__Scraped caption text data__:
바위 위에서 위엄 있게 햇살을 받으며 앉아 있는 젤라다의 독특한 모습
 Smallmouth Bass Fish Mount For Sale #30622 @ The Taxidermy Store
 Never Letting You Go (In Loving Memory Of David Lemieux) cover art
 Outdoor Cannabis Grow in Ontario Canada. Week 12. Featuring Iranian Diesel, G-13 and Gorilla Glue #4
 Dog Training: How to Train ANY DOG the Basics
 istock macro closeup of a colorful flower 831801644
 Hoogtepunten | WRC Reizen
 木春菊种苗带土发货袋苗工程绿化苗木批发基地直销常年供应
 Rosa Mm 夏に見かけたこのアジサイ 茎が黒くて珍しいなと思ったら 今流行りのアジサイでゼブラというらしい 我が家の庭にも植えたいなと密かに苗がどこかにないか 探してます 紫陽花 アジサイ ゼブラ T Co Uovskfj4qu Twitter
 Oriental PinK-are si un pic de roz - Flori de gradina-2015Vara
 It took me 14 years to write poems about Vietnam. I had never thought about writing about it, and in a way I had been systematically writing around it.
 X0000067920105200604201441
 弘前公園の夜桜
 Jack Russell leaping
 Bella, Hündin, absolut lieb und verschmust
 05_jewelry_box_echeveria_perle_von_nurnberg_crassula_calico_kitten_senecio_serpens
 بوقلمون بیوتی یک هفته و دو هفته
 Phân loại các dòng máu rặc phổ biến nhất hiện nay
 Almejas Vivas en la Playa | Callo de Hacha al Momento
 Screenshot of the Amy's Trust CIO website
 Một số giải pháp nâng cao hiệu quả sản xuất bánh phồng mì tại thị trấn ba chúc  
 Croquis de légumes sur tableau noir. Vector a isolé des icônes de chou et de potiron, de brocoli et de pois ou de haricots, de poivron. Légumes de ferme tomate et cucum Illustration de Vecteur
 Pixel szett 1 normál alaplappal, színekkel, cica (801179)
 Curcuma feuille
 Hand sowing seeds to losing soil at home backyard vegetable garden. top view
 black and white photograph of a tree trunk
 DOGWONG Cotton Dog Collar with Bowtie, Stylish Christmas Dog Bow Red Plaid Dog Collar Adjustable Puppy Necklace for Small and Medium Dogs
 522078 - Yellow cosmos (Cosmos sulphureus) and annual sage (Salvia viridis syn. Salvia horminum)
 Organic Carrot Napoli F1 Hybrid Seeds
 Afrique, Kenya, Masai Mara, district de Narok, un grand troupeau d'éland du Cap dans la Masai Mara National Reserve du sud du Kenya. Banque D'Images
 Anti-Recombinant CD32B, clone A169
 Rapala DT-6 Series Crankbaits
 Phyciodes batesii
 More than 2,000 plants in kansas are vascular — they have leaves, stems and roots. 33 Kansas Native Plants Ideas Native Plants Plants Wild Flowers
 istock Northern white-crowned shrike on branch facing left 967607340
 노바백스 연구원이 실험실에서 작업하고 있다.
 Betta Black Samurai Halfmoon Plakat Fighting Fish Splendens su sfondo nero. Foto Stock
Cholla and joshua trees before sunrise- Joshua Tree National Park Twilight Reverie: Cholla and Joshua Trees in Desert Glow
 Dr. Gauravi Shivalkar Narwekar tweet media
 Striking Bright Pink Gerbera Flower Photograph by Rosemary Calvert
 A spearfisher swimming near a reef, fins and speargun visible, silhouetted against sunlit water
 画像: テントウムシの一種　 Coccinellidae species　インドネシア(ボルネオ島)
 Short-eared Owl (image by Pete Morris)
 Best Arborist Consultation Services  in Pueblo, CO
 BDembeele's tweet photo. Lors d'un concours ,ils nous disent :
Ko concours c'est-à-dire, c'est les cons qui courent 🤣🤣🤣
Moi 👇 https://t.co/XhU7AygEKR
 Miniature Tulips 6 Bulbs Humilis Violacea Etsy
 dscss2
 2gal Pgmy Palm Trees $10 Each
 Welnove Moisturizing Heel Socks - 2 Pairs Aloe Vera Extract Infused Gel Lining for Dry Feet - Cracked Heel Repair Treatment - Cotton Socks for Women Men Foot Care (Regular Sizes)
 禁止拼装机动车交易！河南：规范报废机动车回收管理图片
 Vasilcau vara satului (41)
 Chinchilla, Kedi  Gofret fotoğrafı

__Work to complete__: Each line above with the string "concours" should be reported in full.

__Response for this exercise__:
 BDembeele's tweet photo. Lors d'un concours ,ils nous disent :
Ko concours c'est-à-dire, c'est les cons qui courent 🤣🤣🤣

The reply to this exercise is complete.